● **Problem statement**
Starting with the line that contains "The Incy Weensy", copy each line exactly through the end of the listing, and omit all pictures.

● **Input data**
• • •

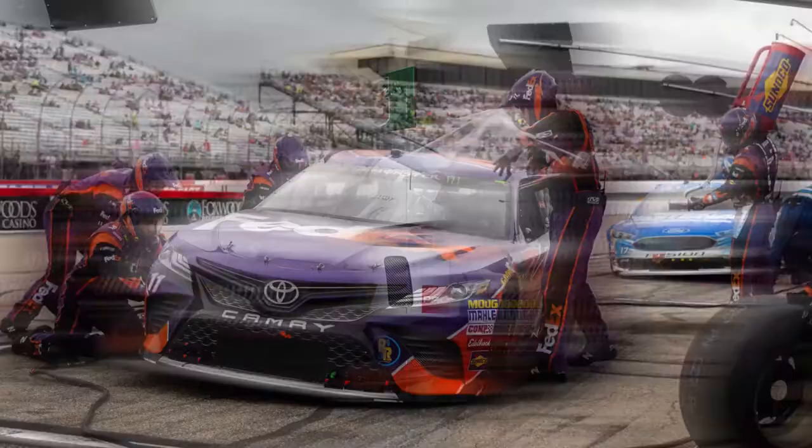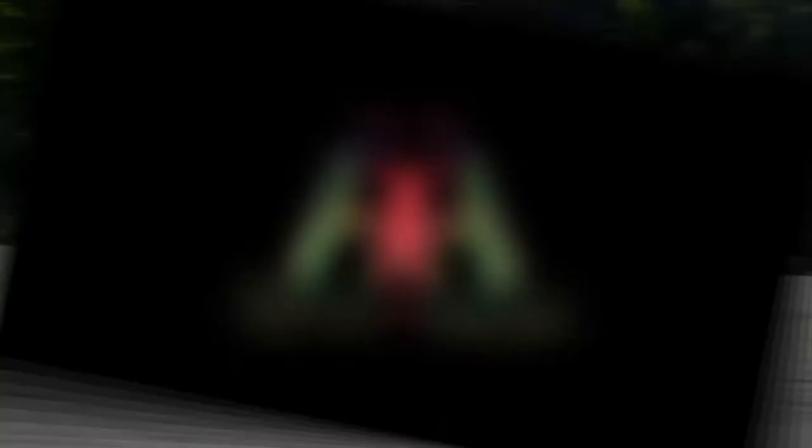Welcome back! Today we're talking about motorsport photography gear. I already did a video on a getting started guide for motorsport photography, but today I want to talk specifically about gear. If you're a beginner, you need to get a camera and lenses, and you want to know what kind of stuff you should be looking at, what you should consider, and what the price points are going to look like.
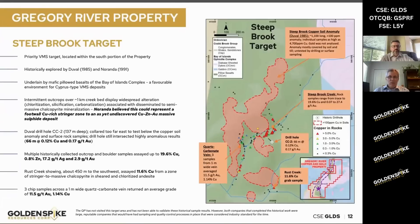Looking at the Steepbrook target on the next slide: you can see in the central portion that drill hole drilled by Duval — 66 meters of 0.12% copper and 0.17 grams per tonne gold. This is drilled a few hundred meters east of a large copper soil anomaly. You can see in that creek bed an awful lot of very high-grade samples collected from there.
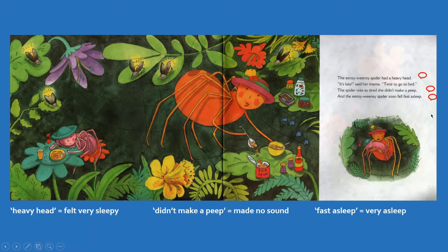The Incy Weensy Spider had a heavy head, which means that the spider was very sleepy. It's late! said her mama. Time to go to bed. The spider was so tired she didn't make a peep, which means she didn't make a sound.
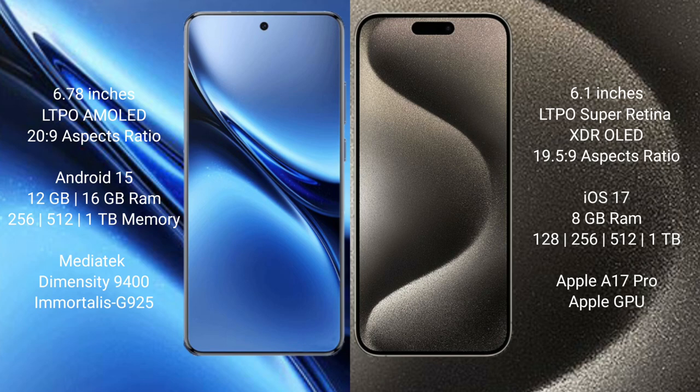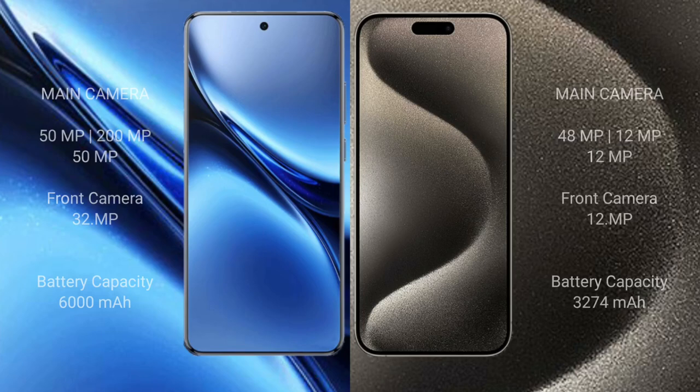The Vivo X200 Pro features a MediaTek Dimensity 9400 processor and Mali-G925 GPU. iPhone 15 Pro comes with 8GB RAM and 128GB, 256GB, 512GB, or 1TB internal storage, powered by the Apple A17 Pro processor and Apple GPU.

• • •

● **Problem solution**
The Incy Weensy Spider had a heavy head, which means that the spider was very sleepy. It's late! said her mama. Time to go to bed. The spider was so tired she didn't make a peep, which means she didn't make a sound.
The Vivo X200 Pro features a MediaTek Dimensity 9400 processor and Mali-G925 GPU. iPhone 15 Pro comes with 8GB RAM and 128GB, 256GB, 512GB, or 1TB internal storage, powered by the Apple A17 Pro processor and Apple GPU.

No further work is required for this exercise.